┏━━

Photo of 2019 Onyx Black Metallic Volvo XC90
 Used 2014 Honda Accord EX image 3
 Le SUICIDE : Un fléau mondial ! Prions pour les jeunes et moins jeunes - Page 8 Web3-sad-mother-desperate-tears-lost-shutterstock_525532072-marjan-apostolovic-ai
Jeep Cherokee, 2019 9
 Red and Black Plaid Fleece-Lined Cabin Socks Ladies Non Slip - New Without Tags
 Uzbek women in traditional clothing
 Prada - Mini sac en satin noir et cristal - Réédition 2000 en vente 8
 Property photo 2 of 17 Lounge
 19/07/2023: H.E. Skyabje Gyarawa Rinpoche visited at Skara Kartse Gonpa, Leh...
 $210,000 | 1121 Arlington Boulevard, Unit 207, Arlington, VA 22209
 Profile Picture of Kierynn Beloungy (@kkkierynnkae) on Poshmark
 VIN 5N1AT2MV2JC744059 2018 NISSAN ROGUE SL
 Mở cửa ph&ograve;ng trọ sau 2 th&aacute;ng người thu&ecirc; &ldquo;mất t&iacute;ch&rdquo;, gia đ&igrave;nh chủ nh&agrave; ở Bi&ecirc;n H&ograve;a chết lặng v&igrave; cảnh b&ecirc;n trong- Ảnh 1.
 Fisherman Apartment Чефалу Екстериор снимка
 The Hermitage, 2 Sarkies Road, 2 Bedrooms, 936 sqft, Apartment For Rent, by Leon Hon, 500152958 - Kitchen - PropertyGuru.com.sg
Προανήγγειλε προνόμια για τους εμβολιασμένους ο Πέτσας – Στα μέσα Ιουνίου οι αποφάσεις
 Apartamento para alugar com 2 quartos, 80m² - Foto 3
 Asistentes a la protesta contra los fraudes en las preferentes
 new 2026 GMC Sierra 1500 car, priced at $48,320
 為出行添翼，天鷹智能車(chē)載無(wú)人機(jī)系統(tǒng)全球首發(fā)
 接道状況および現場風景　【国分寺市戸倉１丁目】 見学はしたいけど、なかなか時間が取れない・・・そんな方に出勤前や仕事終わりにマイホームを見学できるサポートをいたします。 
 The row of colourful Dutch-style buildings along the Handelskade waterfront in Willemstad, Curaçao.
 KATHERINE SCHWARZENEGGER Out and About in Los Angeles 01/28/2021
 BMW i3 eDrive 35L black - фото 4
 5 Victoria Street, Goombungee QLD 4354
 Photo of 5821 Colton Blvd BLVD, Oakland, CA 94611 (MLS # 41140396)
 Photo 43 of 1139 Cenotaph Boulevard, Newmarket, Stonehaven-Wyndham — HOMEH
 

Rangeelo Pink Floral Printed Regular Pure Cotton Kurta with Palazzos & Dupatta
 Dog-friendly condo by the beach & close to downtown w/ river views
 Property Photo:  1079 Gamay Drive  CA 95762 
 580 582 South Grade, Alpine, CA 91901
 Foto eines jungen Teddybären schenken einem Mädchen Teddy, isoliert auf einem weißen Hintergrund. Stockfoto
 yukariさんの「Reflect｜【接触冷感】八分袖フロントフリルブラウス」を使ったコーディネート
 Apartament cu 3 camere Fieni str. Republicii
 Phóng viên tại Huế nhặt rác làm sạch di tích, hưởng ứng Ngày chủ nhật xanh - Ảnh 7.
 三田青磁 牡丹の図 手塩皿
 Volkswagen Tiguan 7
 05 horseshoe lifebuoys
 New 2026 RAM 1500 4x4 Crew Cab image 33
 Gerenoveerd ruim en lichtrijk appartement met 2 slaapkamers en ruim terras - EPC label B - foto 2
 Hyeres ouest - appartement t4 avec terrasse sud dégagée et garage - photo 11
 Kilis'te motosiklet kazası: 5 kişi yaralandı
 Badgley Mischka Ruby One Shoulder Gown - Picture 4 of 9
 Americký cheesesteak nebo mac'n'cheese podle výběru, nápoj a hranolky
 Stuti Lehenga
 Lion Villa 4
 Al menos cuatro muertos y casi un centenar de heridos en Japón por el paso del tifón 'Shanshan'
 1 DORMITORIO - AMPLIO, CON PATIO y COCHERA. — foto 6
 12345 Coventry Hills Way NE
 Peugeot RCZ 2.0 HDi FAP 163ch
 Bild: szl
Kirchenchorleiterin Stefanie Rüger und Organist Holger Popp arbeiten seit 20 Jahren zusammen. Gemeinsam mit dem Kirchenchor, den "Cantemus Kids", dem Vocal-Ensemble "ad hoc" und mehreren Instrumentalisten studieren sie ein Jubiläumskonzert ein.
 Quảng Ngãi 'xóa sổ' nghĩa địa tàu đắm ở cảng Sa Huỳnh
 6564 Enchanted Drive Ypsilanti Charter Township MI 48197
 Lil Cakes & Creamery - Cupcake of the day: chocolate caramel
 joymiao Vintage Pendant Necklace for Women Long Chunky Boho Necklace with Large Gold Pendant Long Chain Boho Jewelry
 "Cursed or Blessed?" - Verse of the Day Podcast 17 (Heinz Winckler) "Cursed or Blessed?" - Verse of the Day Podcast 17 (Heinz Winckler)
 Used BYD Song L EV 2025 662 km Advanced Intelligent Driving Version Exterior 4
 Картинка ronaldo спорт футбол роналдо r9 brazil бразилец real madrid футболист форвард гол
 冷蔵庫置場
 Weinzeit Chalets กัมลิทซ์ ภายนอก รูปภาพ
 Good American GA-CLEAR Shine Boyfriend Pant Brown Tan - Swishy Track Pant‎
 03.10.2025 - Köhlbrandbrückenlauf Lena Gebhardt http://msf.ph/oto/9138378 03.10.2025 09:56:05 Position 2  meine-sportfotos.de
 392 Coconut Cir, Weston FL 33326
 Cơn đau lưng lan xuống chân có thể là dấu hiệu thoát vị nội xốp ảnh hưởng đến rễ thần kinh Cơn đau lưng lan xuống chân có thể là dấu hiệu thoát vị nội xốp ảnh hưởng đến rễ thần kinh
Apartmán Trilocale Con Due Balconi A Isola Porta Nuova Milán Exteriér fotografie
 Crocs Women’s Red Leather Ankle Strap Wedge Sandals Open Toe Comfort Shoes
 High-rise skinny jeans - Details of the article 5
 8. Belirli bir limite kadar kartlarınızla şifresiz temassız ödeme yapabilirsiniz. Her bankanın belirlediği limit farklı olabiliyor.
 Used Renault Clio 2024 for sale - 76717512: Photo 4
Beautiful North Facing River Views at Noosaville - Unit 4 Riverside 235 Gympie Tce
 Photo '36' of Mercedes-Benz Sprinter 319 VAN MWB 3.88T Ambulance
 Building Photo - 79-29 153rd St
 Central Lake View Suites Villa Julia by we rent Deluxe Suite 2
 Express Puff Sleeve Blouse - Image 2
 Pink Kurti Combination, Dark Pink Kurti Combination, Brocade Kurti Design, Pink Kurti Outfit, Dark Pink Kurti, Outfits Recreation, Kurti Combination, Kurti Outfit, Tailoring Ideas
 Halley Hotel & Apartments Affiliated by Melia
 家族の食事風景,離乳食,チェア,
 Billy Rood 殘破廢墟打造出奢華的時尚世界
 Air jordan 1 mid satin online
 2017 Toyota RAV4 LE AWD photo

┗━━

◆ INSTRUCTIONS FOR THE TASK: Each line holding "appartement" in the records should be copied out.

◆ SOLVED EXERCISE:
 Gerenoveerd ruim en lichtrijk appartement met 2 slaapkamers en ruim terras - EPC label B - foto 2
 Hyeres ouest - appartement t4 avec terrasse sud dégagée et garage - photo 11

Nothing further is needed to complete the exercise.